The memory of the trip is as vivid today as the roar of the rapids that weekend was deafening. You can't really tell in the photo above, but we had an "all-chick" raft to take on Maytag, a Class V cascade on the north fork of the Yuba River. As you approach the bend in the river where Maytag lurks, you have to pull over and park your raft, then hike over some boulders to scout the rapid. Maytag cascades violently down into an electric shock of white foam that you have to quickly navigate to either pull out into the eddy or get sucked into the next cascade, Son of Maytag, a Class IV rapid.
As we all parked our rafts and hiked over, we heard the roar of the rapids before we caught a glimpse of its brutal force. Even before we reached the top of the boulder, some people were saying, "No way!" Then, as we all stood shakily atop the slick slab of massive rock, the rest, in unison, said, "NO fucking way." Maytag leered at us, spitting its foam up, daring us to get closer.
There was good reason for the resounding refusal of most of the group to even consider Maytag. Earlier that morning, our raft had capsized in the raging river, swollen from the recent snow melt. A massive wave pushed the front of the raft straight up into the sky and literally tossed everyone out...except for me. Somehow, I had held onto the rope at the front ~ I was completely vertical as everyone else, including our guide, fell out; and then I came crashing down, face first into the raft. When I peeked back up, I saw heads bobbing up from under the freezing water, their eyes full of confusion and fear ~ it all happened in a few seconds. Someone's shoe floated by; I heard people in the other rafts shouting directions, but the words were drowned out by the wailing of the waves around me. I grabbed a paddle as it floated by and scurried over towards the shore; then a friend's head bobbed up right beside me. Somehow, I grabbed her by the waist and pulled her into the damn raft ~ I have no idea how. We made it to shore and we saw the others had reached the sides of the rushing river ~ lying back on rocks, panting and shaking.

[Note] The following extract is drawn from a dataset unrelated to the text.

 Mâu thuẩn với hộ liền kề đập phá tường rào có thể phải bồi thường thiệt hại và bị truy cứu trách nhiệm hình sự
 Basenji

Because river rafting is such a clear metaphor for life ~ when you're deep in the middle of it, there's nothing to do except to get back in the damn raft and start again; the rapids only flow in one direction.
Fear or no fear, there was no going back, and no one to pick us up midway through. So, when we reached the boulders overlooking Maytag, many in the group had already been slapped around enough by the river. Six of us, though, all women, stayed silent. I don't think any of us looked at each other for reassurance, but almost all at once we said, "Let's do it."
My heart was pounding as we checked our gear and climbed back into the raft. Our guide, a woman, told us to lean forward as much as we could, until we could almost fall out of the raft ~ to face the rapids head on, paddle furiously, and then hang on for dear life and DUCK into the raft at her signal. She was amazing ~ shouting direction to us as the first rapid belted us back a few feet. Then, as I felt the free-fall start, my heart soaring up into my throat, she screamed at us to duck ~ in perfect synchronicity we all turned in towards the center of the raft, and hung onto the rope as the raft did a nosedive into the foaming mouth of Maytag.
We slammed down, hard, into the center of the rapid, and immediately sat back out on the edges of the raft ~ to paddle furiously over to the eddy before getting sucked into Son of Maytag. The roar of the rapids and my heart was deafening ~ but when we stopped moving, all I could hear was the cheering and clapping of our friends ~ standing tall at the top of the boulder above us. And through the glossy glare of the sun and the water I could see also the satisfaction beaming brightly from the six of us who had climbed back into the raft.
And so I remember now ~ the trick is to hold on tightly and ride out the tumultuous tide. With any luck, your friends will be on the other side cheering for you.